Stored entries
▼

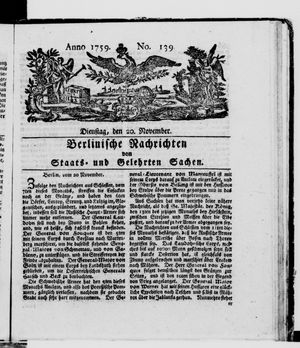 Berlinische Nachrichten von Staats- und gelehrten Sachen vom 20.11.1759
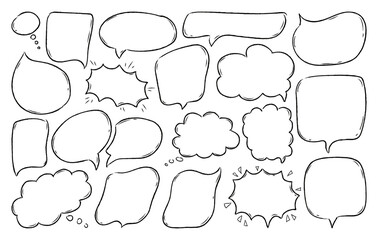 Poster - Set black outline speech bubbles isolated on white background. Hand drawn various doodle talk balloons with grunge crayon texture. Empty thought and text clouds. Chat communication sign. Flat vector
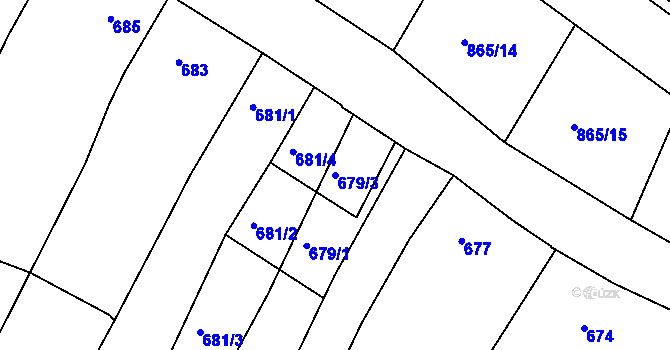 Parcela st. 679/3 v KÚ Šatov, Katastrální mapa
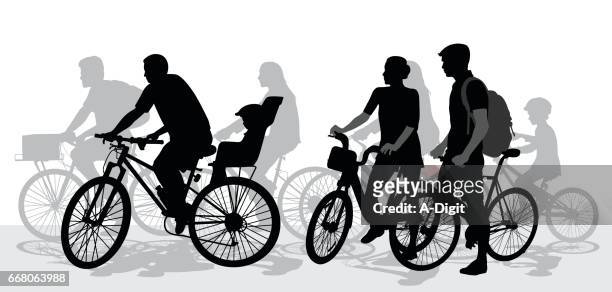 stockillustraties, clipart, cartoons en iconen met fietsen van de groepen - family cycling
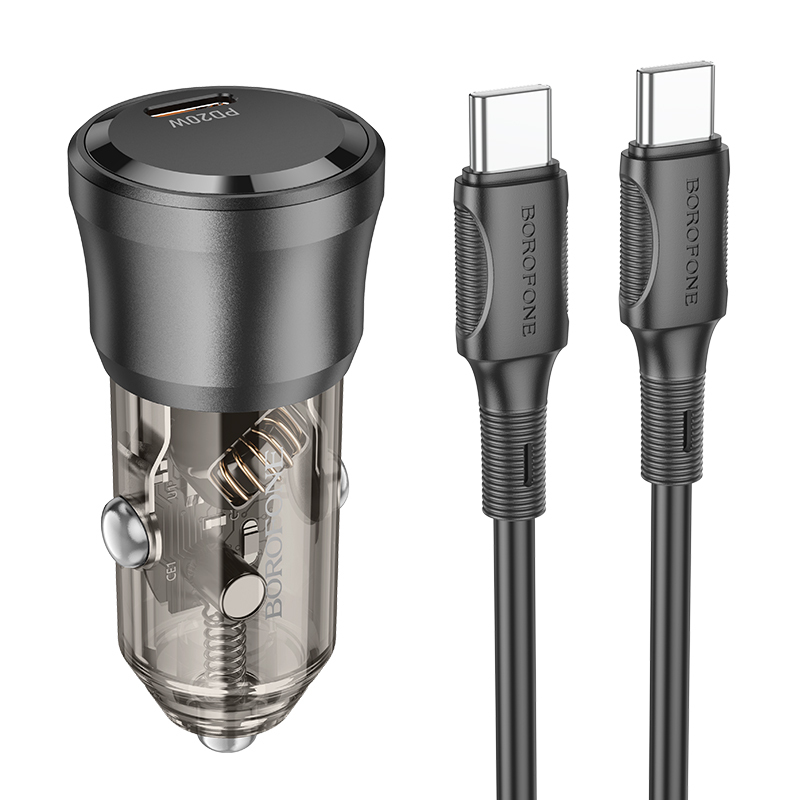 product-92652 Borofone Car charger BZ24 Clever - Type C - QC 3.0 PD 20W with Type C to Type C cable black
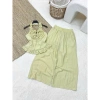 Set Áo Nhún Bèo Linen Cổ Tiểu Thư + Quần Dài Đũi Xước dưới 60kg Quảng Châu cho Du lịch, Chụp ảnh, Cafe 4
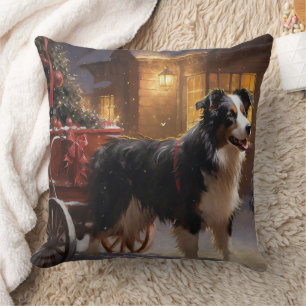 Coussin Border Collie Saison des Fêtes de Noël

▲

Exercise objective: Going by the entries above, repeat exactly the lines that start at the line with "stockillustraties, clipart, cartoons" and go on through the line with "Set Áo Nhún". Pictures are not part of the copy.

Output of the exercise:
 stockillustraties, clipart, cartoons en iconen met fietsen van de groepen - family cycling
 product-92652 Borofone Car charger BZ24 Clever - Type C - QC 3.0 PD 20W with Type C to Type C cable black
 Set Áo Nhún Bèo Linen Cổ Tiểu Thư + Quần Dài Đũi Xước dưới 60kg Quảng Châu cho Du lịch, Chụp ảnh, Cafe 4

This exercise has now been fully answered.